- **Task goal**:
Your answer should be the lines below from the one with "Black Y-shaped vegetable" to the one with "Wooden Egg Holder", both included, given again exactly and with nothing added.

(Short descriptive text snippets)
◆ ◆ ◆ ◆

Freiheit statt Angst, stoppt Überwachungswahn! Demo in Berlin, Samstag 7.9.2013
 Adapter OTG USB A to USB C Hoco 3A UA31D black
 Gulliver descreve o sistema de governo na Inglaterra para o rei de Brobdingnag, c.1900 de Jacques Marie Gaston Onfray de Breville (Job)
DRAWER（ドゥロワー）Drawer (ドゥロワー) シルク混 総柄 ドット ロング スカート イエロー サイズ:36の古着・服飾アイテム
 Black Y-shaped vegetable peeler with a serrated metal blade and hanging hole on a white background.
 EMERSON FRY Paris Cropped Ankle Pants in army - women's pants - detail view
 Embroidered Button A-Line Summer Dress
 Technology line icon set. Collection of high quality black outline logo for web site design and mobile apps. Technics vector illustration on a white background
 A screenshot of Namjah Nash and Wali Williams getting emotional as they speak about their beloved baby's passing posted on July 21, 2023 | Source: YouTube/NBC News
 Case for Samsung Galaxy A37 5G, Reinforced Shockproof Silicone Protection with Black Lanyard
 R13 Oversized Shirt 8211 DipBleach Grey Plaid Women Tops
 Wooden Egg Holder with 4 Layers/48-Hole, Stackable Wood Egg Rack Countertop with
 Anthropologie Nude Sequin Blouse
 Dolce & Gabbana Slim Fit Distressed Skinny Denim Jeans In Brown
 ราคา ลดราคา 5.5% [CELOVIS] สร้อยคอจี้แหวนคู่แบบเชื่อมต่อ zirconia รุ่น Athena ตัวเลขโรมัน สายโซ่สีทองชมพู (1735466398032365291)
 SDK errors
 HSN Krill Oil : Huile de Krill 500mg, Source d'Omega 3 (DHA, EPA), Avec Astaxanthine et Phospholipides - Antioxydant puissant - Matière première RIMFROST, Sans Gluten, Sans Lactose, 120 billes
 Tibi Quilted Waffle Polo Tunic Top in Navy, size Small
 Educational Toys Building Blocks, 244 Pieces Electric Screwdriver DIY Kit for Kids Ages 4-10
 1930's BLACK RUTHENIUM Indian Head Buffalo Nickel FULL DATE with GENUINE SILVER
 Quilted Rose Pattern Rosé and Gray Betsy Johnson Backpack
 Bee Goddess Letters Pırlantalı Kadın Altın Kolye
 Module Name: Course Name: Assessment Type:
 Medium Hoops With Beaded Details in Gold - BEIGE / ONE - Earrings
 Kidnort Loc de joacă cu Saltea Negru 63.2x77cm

◆ ◆ ◆ ◆

- **Result of this exercise**:
 Black Y-shaped vegetable peeler with a serrated metal blade and hanging hole on a white background.
 EMERSON FRY Paris Cropped Ankle Pants in army - women's pants - detail view
 Embroidered Button A-Line Summer Dress
 Technology line icon set. Collection of high quality black outline logo for web site design and mobile apps. Technics vector illustration on a white background
 A screenshot of Namjah Nash and Wali Williams getting emotional as they speak about their beloved baby's passing posted on July 21, 2023 | Source: YouTube/NBC News
 Case for Samsung Galaxy A37 5G, Reinforced Shockproof Silicone Protection with Black Lanyard
 R13 Oversized Shirt 8211 DipBleach Grey Plaid Women Tops
 Wooden Egg Holder with 4 Layers/48-Hole, Stackable Wood Egg Rack Countertop with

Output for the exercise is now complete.